Harry had a great idea, and the gravitas to pull it off. Some people today are only familiar with Mr. B, as Harry is known to many, as the guy who sang Day-O. Here’s a short list of what some people don’t know, but really will benefit from knowing:

  • Harry is one of a few people to have the coveted EGOT, winning an Emmy, Grammy, Oscar and Tony

  • He was one of the major funders of the civli rights movement

  • He was one of the first Black American performers to touch a white woman performer, which caused quite a stir in the early 1960’s

  • He was responsible for brokering the relationship between Dr. Martin Luther King, Jr. and Bobby Kennedy

  • And in fact, he was one of the people responsible for much of the progress the civil rights movement saw in the 1960’s

  • He’s worked to heal conflicts globally ever since, from poverty to AIDS

  • He’s a REALLY. COOL. GUY.

Ira, Me, Harry

Ira brought me to my first meeting with Harry and his wife Pam, a smart, striking photographer, at one of the trios’ favorite restaurants in the Upper West Side. I had prepared a deck that encapsulated what was then called “STIR IT UP”. I was treated to stories, laughs, and an education, all over the course of a two-and-a-half-hour dinner. Harry, Pam & Ira liked what I had to offer, and we got started on producing the festival that eventually became Many Rivers to Cross. My role ultimately scaled down when other teams came on board, but I still got a chance to play a part in what was in many ways an incredible experience, and what could have been, in other ways, even better.

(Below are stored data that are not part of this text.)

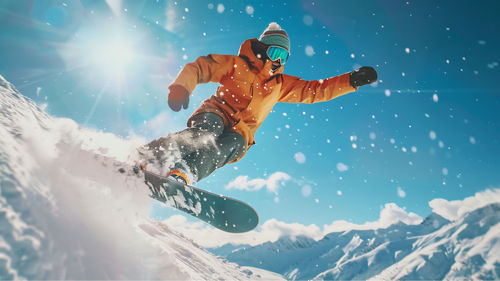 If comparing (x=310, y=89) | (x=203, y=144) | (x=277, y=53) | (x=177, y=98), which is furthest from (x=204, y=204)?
(x=310, y=89)

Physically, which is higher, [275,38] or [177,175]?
[275,38]

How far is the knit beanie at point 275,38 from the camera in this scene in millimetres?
3797

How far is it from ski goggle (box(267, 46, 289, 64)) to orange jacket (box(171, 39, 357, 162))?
0.39 feet

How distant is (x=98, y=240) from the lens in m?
1.13

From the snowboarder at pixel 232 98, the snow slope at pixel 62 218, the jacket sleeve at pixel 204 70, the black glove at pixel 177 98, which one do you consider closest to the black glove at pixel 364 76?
the snowboarder at pixel 232 98

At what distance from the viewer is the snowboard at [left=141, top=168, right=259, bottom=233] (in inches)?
86.9

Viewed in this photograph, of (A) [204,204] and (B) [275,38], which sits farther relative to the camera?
(B) [275,38]

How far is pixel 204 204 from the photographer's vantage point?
2375 mm

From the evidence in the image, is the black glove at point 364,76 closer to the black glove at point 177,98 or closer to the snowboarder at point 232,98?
the snowboarder at point 232,98

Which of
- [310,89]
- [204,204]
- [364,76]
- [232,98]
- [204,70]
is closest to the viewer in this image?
[204,204]

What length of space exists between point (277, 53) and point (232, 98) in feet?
3.21

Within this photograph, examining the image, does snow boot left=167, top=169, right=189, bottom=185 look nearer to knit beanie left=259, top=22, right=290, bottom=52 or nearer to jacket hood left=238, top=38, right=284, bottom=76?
jacket hood left=238, top=38, right=284, bottom=76

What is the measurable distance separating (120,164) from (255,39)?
2775 millimetres

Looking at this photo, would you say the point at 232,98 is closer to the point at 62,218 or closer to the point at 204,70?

One of my favorite memories of this time was sitting in Pam & Harry’s living room, along with Susanne Rostock, a dear friend who is the editor-extraordinaire of Harry’s biopic “Sing Your Song”, and Brian Satz, Harry’s friend and music-coordinator/star-connector, going over music that was going to be in the show. At one point, either Brian or I introduced Harry to Spotify; Harry was treated to an AI-induced trip down memory lane, and we were treated to a solo concert from one of the greatest voices of all time.

So when Ira hit me up to let me know about the plans that Carmen Perez-Jordan had for this year’s birthday celebration, I jumped into the mix. I gotta say, it’s going to be incredible. The lineup is great, but the cause - the night benefits the Gathering for Justice, the org that Harry started in the early 2000’s and that Carmen has been leading since it’s inception - is so truly Harry Belafonte, in my humble opinion.

The team at the Gathering, The Justice League (the rapid response offshoot of the org), and the parties involved are all super professional and super CHILL. It’s evident this group is creating magic, and being witness to it, along with the conversations with icons of the movement like Danny Glover, Dr. Bernard LaFayette, Nane Alejandrez, Gus Newport and more are nothing short of awe-inspiring.

The Gathering for Justice started as The Gathering for the Elders in Epps Alabama in 2005. The first Gathering took place in Epps Alabama, when Harry gathered together the elders, met some resistance from the youth, and ultimately culminated in the birth of The Gathering for Justice, the incubator for movements like The Women's March, Free Meek Mill, The March for Our Lives Tour Across America, and many many of the movements that have helped catapult our country back to the front of the fight for Civil Rights for ALL. That first event and those since included those named above and many more. One of the most iconic moments from that first gathering is when Ruby Dee got up, demanding into the microphone

"Over the years I've come to places like this so, many, times. And I leave without an assignment! We need an assignment!"

long-since part of the battle cry to continually take action.

The next Gathering, the one happening this Sunday, February 28th, 2021, will be unlike those previous; a world entrenched in an epidemic where, once again, communities of color are disproportionately left to bear the brunt of brutality; a world that continues to uprise against oppression because there are still too many injustices to fight; a world that is on the tipping point of great and radical change, or, scarily, the polar opposite. This will also include many of the new change-makers in front-line-activism, entertainment and sports.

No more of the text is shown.